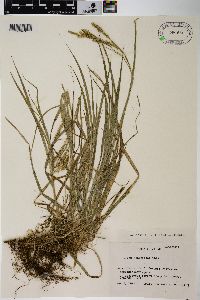 Carex hondoensis image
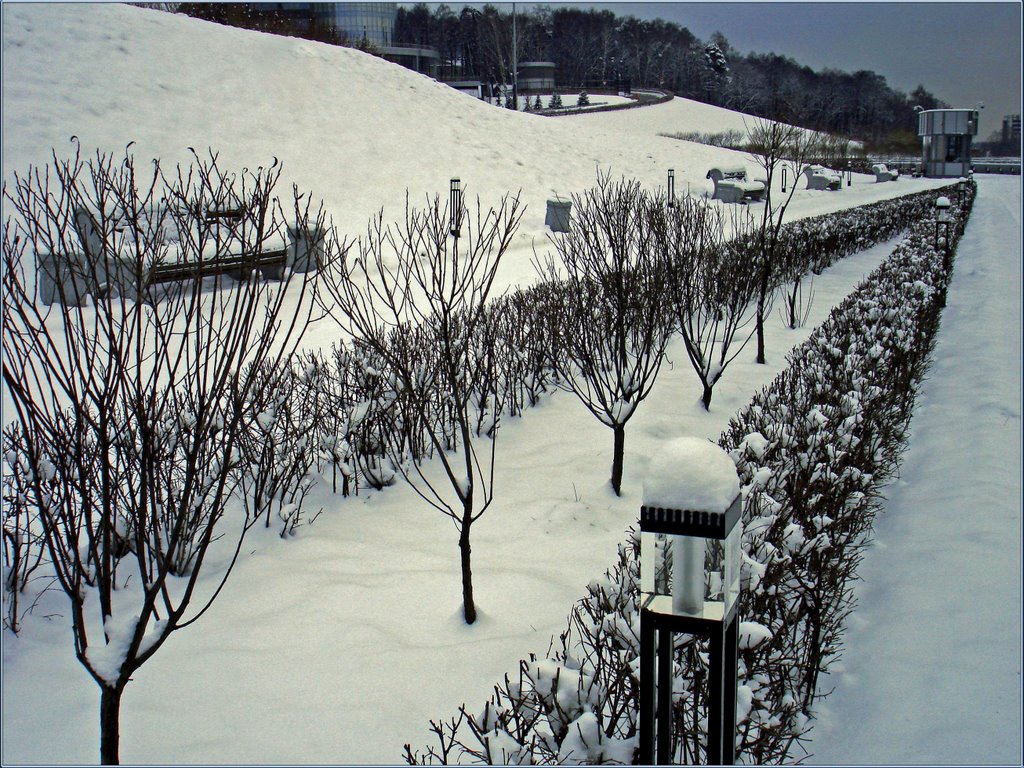 Зимняя перспектива / Winter Outlook
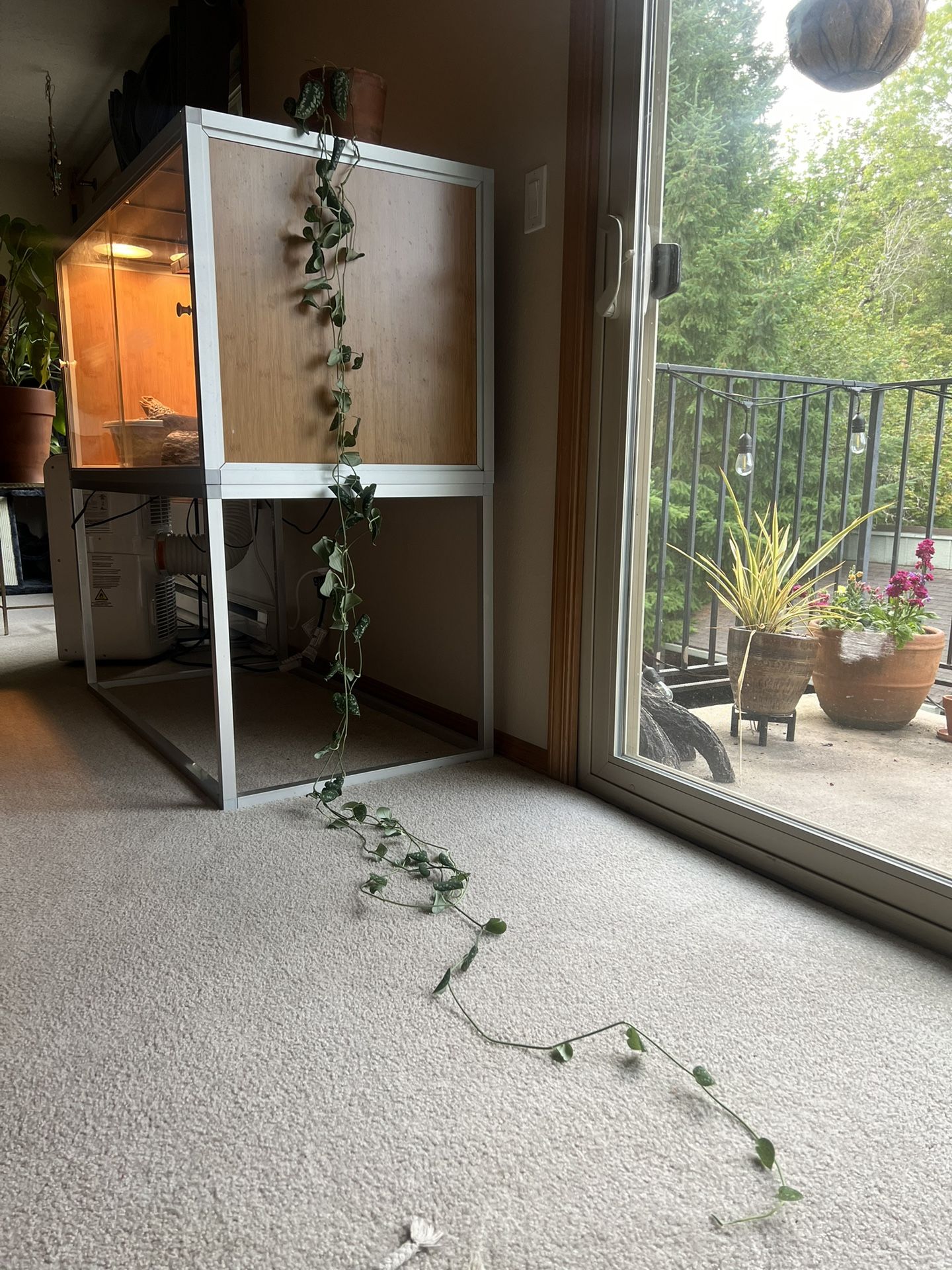 Silver Pothos Plant in Terracotta Pot – $65 OBO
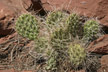 050205_067-s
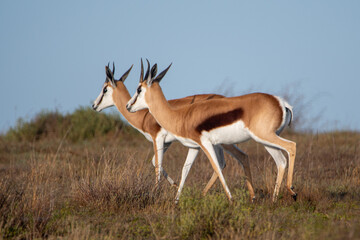 Naklejka na ściany i meble Two springbok in the wild of Africa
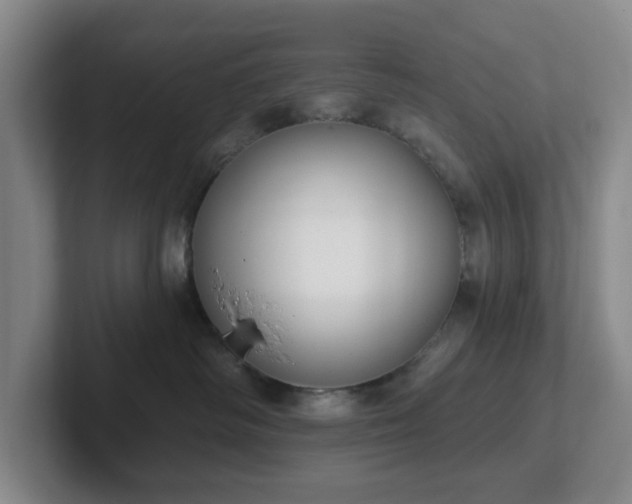 X0000102530334200808151601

*Aim of the task*
Using the listing above, set down exactly each line from the one containing "050205_067-s" through the final line, and leave out pictures.

*Answer area*
 050205_067-s
 Naklejka na ściany i meble Two springbok in the wild of Africa
 X0000102530334200808151601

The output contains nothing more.